Было бы нелепым отрицать первоначальный потенциал демократических изменений в России. Он, безусловно, был. Но не было понимания, что трансформационный процесс не сводится к рынку и частной собственности, что без необходимых институциональных изменений его нельзя считать необратимым, что новые и очень слабые институты, скорее продекларированные, чем действительно функционирующие так, как они должны были бы действовать, без необходимой защиты и постоянной, непрерывной работы по осмыслению прошлого как условия их легитимности не выдержат сколько-нибудь длительного сопротивления или давления консервативной реакции. Этого предупреждающего знания в России не было.
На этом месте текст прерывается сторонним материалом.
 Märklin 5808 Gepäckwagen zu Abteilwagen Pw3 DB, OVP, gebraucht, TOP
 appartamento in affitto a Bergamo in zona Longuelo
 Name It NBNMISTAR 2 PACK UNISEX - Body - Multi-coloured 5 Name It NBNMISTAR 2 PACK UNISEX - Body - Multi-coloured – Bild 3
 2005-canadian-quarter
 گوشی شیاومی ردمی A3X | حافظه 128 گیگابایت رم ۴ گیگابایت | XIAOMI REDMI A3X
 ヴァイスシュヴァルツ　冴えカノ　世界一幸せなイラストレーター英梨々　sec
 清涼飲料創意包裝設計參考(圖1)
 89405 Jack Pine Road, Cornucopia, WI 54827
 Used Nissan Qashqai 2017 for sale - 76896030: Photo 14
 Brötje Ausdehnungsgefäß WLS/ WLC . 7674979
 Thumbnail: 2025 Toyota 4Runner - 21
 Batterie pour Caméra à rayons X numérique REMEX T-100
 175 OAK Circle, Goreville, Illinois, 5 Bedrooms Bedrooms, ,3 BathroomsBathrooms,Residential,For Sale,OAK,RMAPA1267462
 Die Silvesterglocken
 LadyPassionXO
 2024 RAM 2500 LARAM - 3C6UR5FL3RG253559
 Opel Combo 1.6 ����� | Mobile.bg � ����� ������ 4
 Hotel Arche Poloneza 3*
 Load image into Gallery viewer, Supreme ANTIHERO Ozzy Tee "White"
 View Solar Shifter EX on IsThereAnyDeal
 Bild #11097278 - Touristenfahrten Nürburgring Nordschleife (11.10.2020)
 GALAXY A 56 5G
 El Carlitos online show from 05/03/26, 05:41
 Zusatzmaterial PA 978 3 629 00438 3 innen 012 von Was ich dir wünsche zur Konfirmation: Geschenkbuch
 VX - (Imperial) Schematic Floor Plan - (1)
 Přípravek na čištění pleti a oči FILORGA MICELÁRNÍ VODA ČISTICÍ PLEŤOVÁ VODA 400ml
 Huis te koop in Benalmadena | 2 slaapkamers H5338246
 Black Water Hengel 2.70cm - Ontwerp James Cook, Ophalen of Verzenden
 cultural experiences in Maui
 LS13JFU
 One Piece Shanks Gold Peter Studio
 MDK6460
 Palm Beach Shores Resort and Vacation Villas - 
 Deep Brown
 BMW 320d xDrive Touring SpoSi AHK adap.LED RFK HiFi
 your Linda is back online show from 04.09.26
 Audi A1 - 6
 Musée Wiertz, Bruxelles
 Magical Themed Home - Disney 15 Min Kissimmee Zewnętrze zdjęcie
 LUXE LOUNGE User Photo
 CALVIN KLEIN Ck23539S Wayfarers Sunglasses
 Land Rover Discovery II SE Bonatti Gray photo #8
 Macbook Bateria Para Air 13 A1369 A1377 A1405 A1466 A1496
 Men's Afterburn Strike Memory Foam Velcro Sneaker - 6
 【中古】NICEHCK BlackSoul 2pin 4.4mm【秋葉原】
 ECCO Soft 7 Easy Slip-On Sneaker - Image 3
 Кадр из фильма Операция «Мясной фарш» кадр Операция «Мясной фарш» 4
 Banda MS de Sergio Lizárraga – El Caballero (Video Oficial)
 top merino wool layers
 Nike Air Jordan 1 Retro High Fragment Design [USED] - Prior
А значит, судебная система, спецслужбы, по самой сути своей действующие «особым образом», в «режиме чрезвычайности» (вне правовых рамок регулирования и контроля), образование, право и другие важнейшие институты не были подвергнуты полному реформированию. В результате мы получили регенерацию прежних структур и институтов. Провал «суда над КПСС», отказ от люстрации и принятия ответственности за преступления советской власти, воспроизводство прежних форм государственной идеологии в массовой школе и прочее обеспечили восстановление тоталитарных институтов, но уже в форме «тоталитарного китча» – коррумпированной и суверенной системы власти.
В заключение еще раз выскажу свое давнее убеждение: главное условие действительно удачной научной работы состоит не столько в эрудиции исследователя, сколько в доброкачественности и силе его мотивации. В данном случае это человеческая тревога за будущее, понимание смысла свободы и необходимости ее защиты, что невозможно без сознания значимости истории. Я давно ждал подобной книги, хотя шансов появления работ такого класса становилось по прошествии лет все меньше и меньше. Теперь такое исследование есть. От него можно и нужно отталкиваться в последующих разработках ключевых проблем эволюции российского общества и государства. И это дает некоторую надежду.